A contribuição da FL imprime que a oferta da formação continuada se justifica em decorrência da necessidade que os professores têm de atualização profissional que lhes permitam avaliar, refletir e inovar a sua atuação docente. O reconhecimento dessa necessidade por parte dos FL foi mais um aspectos importante que favoreceu a persistência na continuidade da política, como se pode observar no excerto a seguir: “O PNAIC forneceu importantes subsídios teóricos e metodológicos, conhecimentos didáticos, e oportunizou experiências pedagógicas exitosas para a nossa formação, bem como para os alfabetizadores das escolas atendidas, contribuindo para com a melhoria da prática docente” (Relatório, FL-ZOS, maio de 2018). Essas contribuições remetem a Ghedin (2012, p. 165) ao se referir à formação continuada de professores, segundo ele:
Não há conhecimento pronto e acabado, do mesmo modo que não há vida absoluta. Tudo é processo contínuo de construção e de autoconstrução. Olhar o que estamos fazendo, refletir sobre os sentidos e os significados do fazer pedagógico é, antes de tudo, um profundo e rigoroso exercício de compreensão do próprio ser.
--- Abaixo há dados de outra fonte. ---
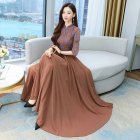 Summer Cheongsam Dress For Women Retro Stand Collar Midi Skirt Large Size Large Swing Dress p02 camel XL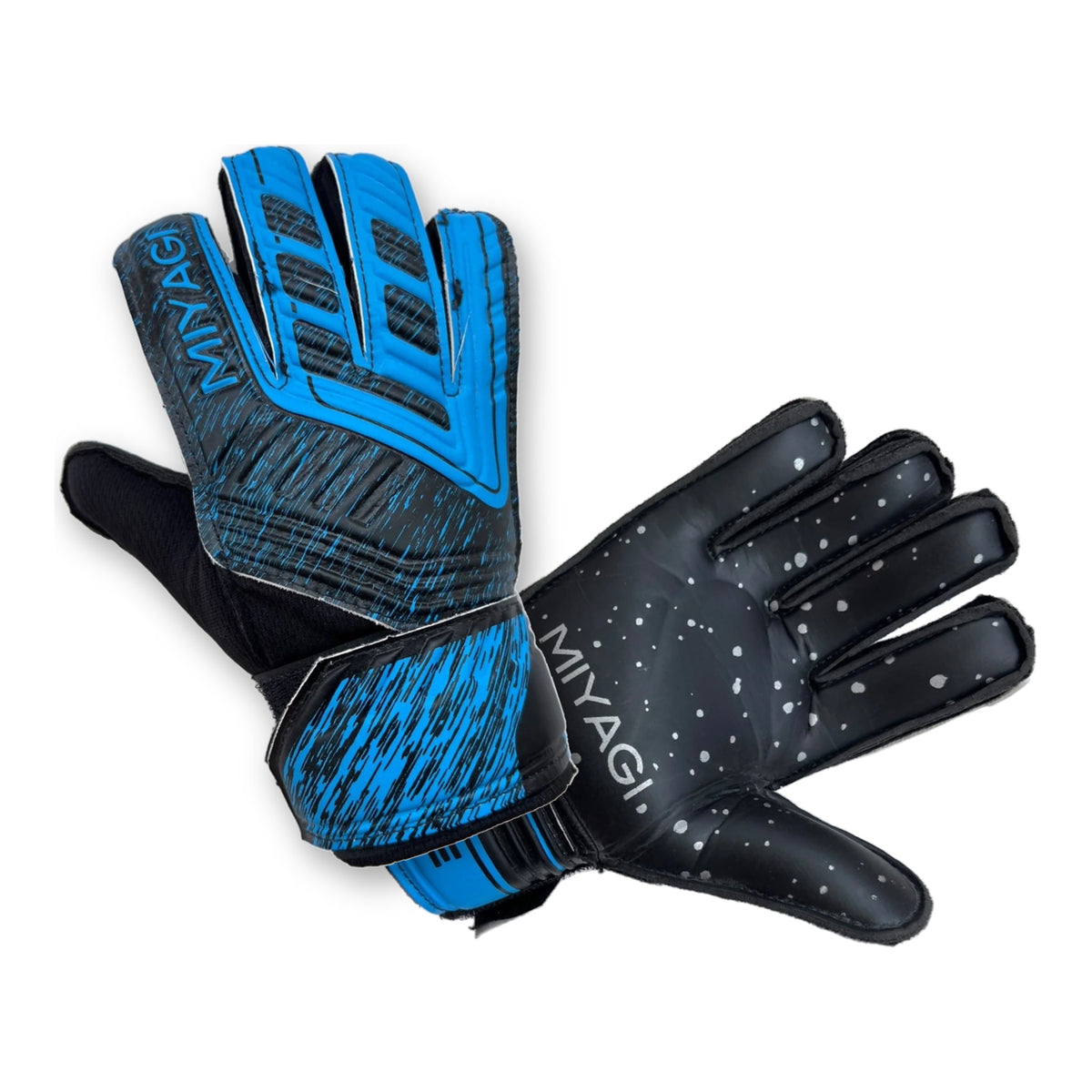 Guantes de arquero Miyagi Ace Niños Azul - los dos guantes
Neste sentido, pode-se afirmar que a formação ofertada no contexto do PNAIC, reiterou que a apropriação de novos conhecimentos é um exercício político continuado que emerge transformações e mudanças de atitudes por meio da efetiva participação e envolvimento dos docentes em processos formativos.
Outro fator que preponderou na efetiva participação dos FL até o último encontro, apesar da conflituosa conjuntura que não propiciou condições de participação para muitos, se deve as formações ofertadas:
Muitas vezes pensei em desistir do Programa. Felizmente a cada seminário que participava em Cuiabá fui ganhando confiança, acreditando cada vez mais na proposta de ensino oferecida nas formações, onde me proporcionou melhores esclarecimentos de planejamento, principalmente em entender o currículo no ciclo da alfabetização e seus princípios gerais, os conceitos de alfabetização e letramento e o que ensinar neste Ciclo (Relatório, FL-EDPA, maio de 2018).
O depoimento da FL evidência que a formação ofertada no contexto do PNAIC, provocou nos FL reflexão, exercício importante e necessário para a mudança da prática docente. Como afirma Valadares (2012, p. 217):
As reflexões na ação consistem em um diálogo com a situação, no exato momento em que os imprevisíveis e incertos fenômenos são encontrados. Sob esta ótica, os problemas não são moldados e estabelecidos de uma perspectiva externa, sendo posteriormente acompanhado de uma análise que o prático realiza sobre os processos de sua atuação, ou seja, de uma reflexão sobre a ação.
Ainda sobre o reconhecimento do trabalho realizado nos Seminários formativos, uma formadora afirmou que:
Com toda certeza os encontros de formação têm me possibilitado uma maior segurança/confiança para com as temáticas apresentadas no decorrer nas unidades trabalhadas. As sugestões pronunciadas pela nossa Formadora Regional nos transmite uma garantia de que não estamos sozinhos nessa jornada, fato que realmente tem se concretizado a cada unidade, na medida em que as incertezas e as inseguranças vão surgindo, entro em contado com a Formadora por diversos meios de comunicação e sou prontamente atendida e esclarecida nos meus anseios (Relatório, FL-SMPS).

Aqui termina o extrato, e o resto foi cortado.